Now lest you think it was only a week of torture, he had some great moments, too. He was able to fly a 172 Cessna (and that meant taking over the controls completely), use a tank simulator that the soldiers on base actually use for practice, participate in a confidence course and witness other memorable things such as a tank driving by while he was eating. He also made some new friends. He loved the activities during the week but hated the lack of sleep.

I think he learned a lot about himself that week…that he can do more than he thought he was capable of. And even if he doesn’t realize it, I believe he also learned to appreciate his life. Who wouldn’t after an experience like that? In fact, Saturday afternoon when we finally made it back home, he stepped out of our van and said, “If I didn’t hate dirt, I would kiss the ground right now.”

As I have had opportunity to think about everything he went through, it has made me feel so incredibly proud of him. I have also come to realize that he experienced something that will stick with him for a long time. If he does decide to join the Air Force, he knows better what to expect. If he doesn’t join, he has still learned valuable lessons that I think all children could benefit from.

How quick are we to try and make our children’s lives so comfortable that we fail to see the need for them to experience discomfort and yes, sometimes even pain. I am definitely one of those moms that would much prefer to rescue my child from any sort of pain. I would love to solve all of their problems. But as they have gotten older, I have come to realize more and more the importance of them going through the rough times.

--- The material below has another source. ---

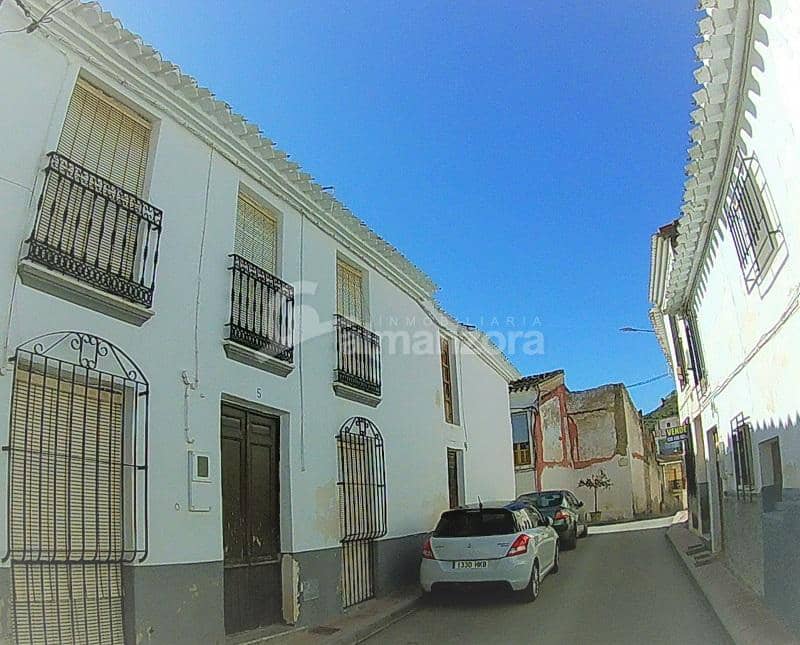 4 slaapkamer Huis te koop in Albox - € 75.000 (Ref: 5985450)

It is during the difficult moments in life that we learn the greatest lessons. It is when our faith is tested, our character is molded and we discover how very much we cannot make it on our own. To miss all of that is to miss some of the greatest blessings that our children could ever receive. Life is not handed to us on a silver platter. It has highs and lows, mountaintop experiences and moments in the valley. We have to learn how to make our way through all of it.

Next week my oldest will be going into 10th grade. He only has three years of high school left—a short amount of time to begin planning and preparing for his future. These are crucial years for him. My middle child will be entering 7th grade…in the midst of those sometimes turbulent middle school years, there will be opportunity for a lot of growing, change and difficulties. My youngest is at the end of his elementary school years, going into 5th grade. This is a time of where there is that pull between still being a little child and wanting to become more independent.

Like it or not, they are probably all three going to experience some difficulties this upcoming school year. I have no idea what they could be but I do know that anything that comes their way is for their good, and not their harm. And guess what? I know that I need to stand to the side. I need to let them work through it. I can’t rescue them or solve their problems. But what I can do is be there for them…to encourage and support them. I can offer my wisdom when and if it’s called for. But most important of all, I can pray for them.

Mom, it is okay for your child to experience pain, difficulties and challenges. Remember all the things that you have gained from the same troubles in your own life. But most of all, remember that your child is not alone. He/she has the greatest Helper, Counselor, Advocate, Friend that they could ever hope for—the Lord Jesus Christ.